What Happened To Our Savings?
Every year prices of everything increases. Things such as food, power and fuel seem to keep rising with no end in sight. Our wages seem to stay the same and we feel like we are going backwards.
Welcome to the world of fiat currency. Fiat currency is money that can be printed at will by central banks and it does not have to be backed by anything such as gold. As more money flows into circulation the purchasing power of the currency lessens as the supply of that currency increases. This is called inflation, and it acts like a hidden tax that reduces our purchasing power.
Under a fiat currency system those who keep cash or put it in a bank account are actually losing money as the purchasing power decreases. Even if you get bank interest the rate that you get may be less than the inflation rate, and in some countries that have negative interests rates you lose money by having it in a bank account. In most developed countries and bank interest earned is also taxable income which means that it will be taxed at the individuals tax rate. When you combine the rate of inflation and your tax rate together the bank interest will be a loss when you factor in that you have lost purchasing power as well.
Because most people keep their money in a bank they are going backwards financially. This is not sustainable and not the best use of your money.
If you are wondering how this happened and why such a bad system exists then keep reading. In 1971 US President Richard Nixon took America fully off the gold standard. This meant that the value of the money did not need to be backed by anything. Why did Richard Nixon take the US of the Bretton-Woods (partially gold backed) standard? During world war II many European countries sent their gold to the US for safe keeping as they were afraid Adolf Hitler and the Nazis was going to take the gold after invading their countries. After the war, and as the European economies began to recover the French leader Charles De Gaul addressed the nation of France declared that he would get their gold back.

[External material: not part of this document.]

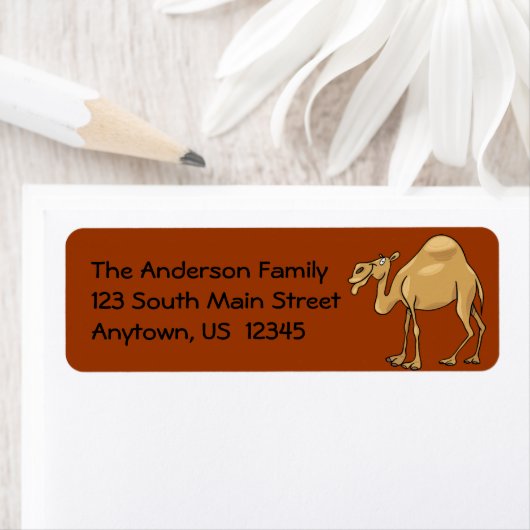 Dromedary Camel Cartoon (Insitu)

A deal was made beforehand where the US would keep the gold and issue US dollars and that the US dollars would be used as the reserve currency of the world. This is what was known as the Bretton-Woods agreement. After France took its gold back, other countries were wanting to do the same.
The stockpile of gold the US had was depleting and if it got to the point where there was no more gold left and someone else wanted to claim in their bills for gold the whole financial system would have collapsed.
Richard Nixon making the US dollar a fiat currency sent a chain reaction throughout the world because the US dollars printed under the Bretton-Woods system was the reserve currency for a few countries. Each of those countries had to make their currencies fiat as well.
Because of the changes in the US monetary system enacted after 1913 when US President Wilson implemented the Federal Reserve Act the US dollar has lost over 90% of its value.
Unfortunately for most people they try to scrimp and save without realising that it is harming them financially. The rich are buying capital assets as they appreciate faster than inflation so they are able to stay ahead. The more capital assets that they acquire the richer they get.
The history of fiat currencies is not a good one. There have been hundreds of fiat currencies in the past and each of them had been printed so much they devalued the currency until it was worthless. Anyone who held the fiat currency lost out as their purchasing power went to zero. Usually when high levels of inflation occur people flock back to gold and silver as it has historically been the best form of money.
If you are keeping your savings in cash I suggest that you speak to a financial planner to put that money to better use. Ultimately an investor should aim for cash flow as their primary goal.
We are on a doomed monetary system, and when it collapses it will be a world wide event and there will need to be a serious think as to what system should replace it. If you are prepared for this event then it will affect you less, but when multiple currencies fail in quick succession (which they most likely will) then it will be a bumpy ride for everyone. I suggest having some capital assets to protect your livelihood.
*this is not to be taken as actual financial advice because everyone is in a different position financially. This post is purely for educational purposes.